Andrea Peyser

Andrea Peyser

Opinion

As a Jew, I am terrified about what America has become

For Jews in America and around the world, Israel represents a thriving land of survival and opportunity, and not only for my people.

Nowhere else in the Middle East are those of all races, religions, sexes and
sexual orientations welcome to live in peace and prosperity.

Now the dream is dying — thwarted by people who’d like nothing better than to see Israel wiped from the map.

It’s a sad day across the United States and abroad as whiny, privileged college students and thrill-seeking provocateurs, egged on by leftist professors, the “mainstream” news media and numbskull politicians, foment pro-terrorist, anti-Jewish violence.

They prove, once again, that no place is safe for Jews.

My parents, originally from Europe, fled in the 1930s to what was known at the time as the British Mandate for Palestine – now Israel – then immigrated to New York City.

They believed that raising children here would give us the greatest chance to escape the antisemitism with which they grew up.

They never lived to see the day that, ironically, Germany is a better place for the Jewish people than the USA.

In Germany, a great number of whose inhabitants are ashamed of their forebears’ attempts at Jewish elimination, expressions of Nazism is against the law and government officials are determined to erase the memory of Adolf Hitler’s Final Solution of the Jewish Problem: Genocide.

But in America, these atrocities are too often considered Constitutionally protected free expression.
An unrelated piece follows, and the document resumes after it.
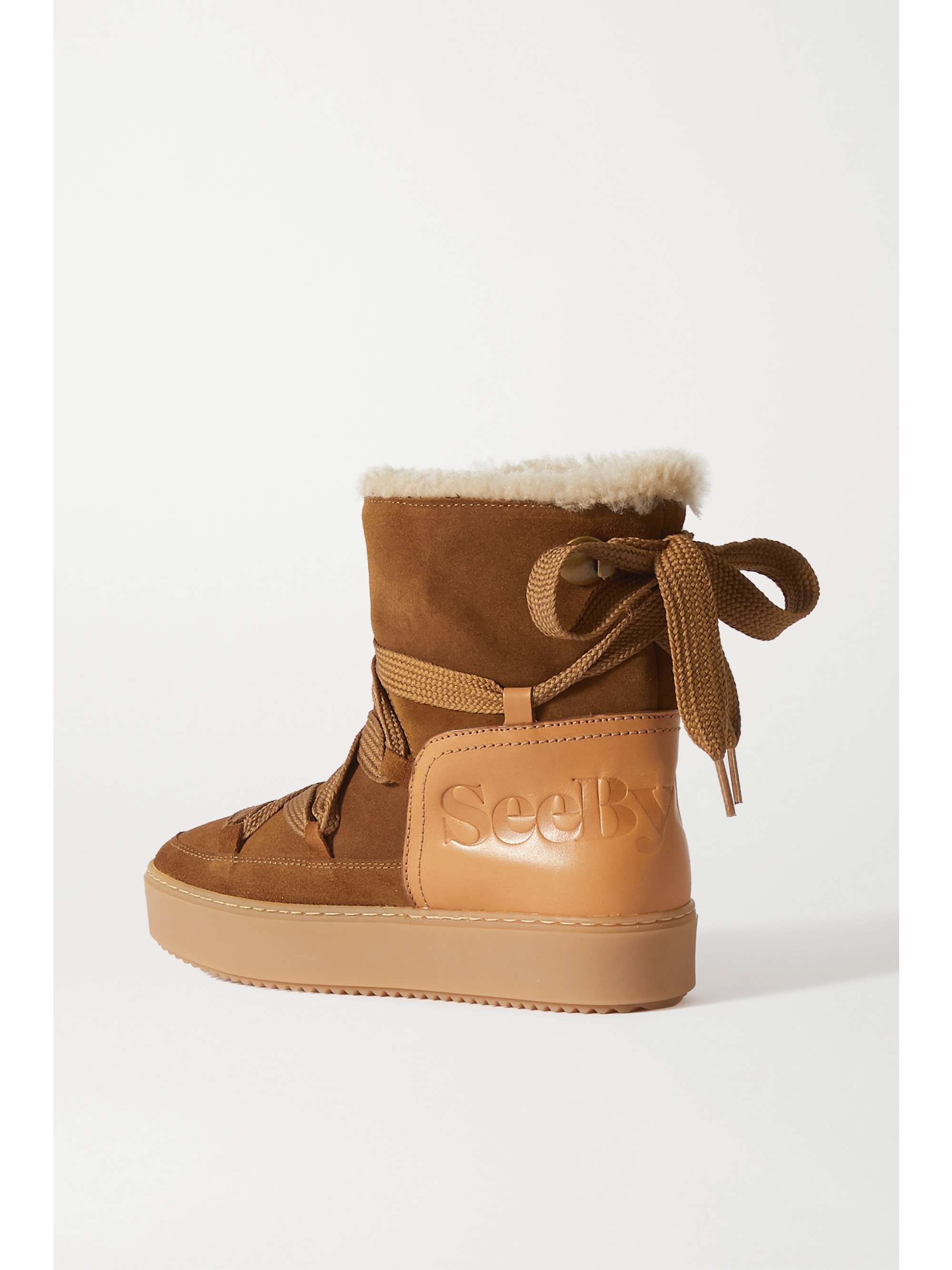 SEE BY CHLOÉ Charlee leather and shearling ankle boots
Even when free speech morphs into hate speech.

Even when hate speech leads seamlessly to physical violence.

Even when it’s shamefully practiced by other Jews.

A campaign aimed at appeasing the terrorists while sucking up to those who’d gladly wipe Israel from the map began in earnest not long after Hamas fighters massacred more than 1,200 souls in Israel and snatched scores of men, women, and children as hostages on Oct. 7, 2023.

Israel’s justified retaliation for this unprovoked bloodshed led not to US solidarity with the grieving nation, but to a campaign of appeasement with the monsters.

Almost from the beginning, various news outlets lined up behind Hamas, quoting without skepticism the terror organization’s count of tens of thousands “civilian” deaths and ignoring the fact that the terrorists count their own savage combatants as innocents.

It all conspires to justify vicious Jew hatred that has bubbled under and above the surface for eons.

Suddenly, it’s 1930s Germany all over again.

President Biden in February called the Israeli military’s justified response to the slaughter “over the top” and said “it’s got to stop.”

Weeks later, he praised Senate Majority Leader Chuck Schumer of New York for calling on the Senate floor for the ouster of Israel’s democratically elected Prime Minister Benjamin Netanyahu, whom he condemned for what he claimed was the senseless killing and starvation of Gazans.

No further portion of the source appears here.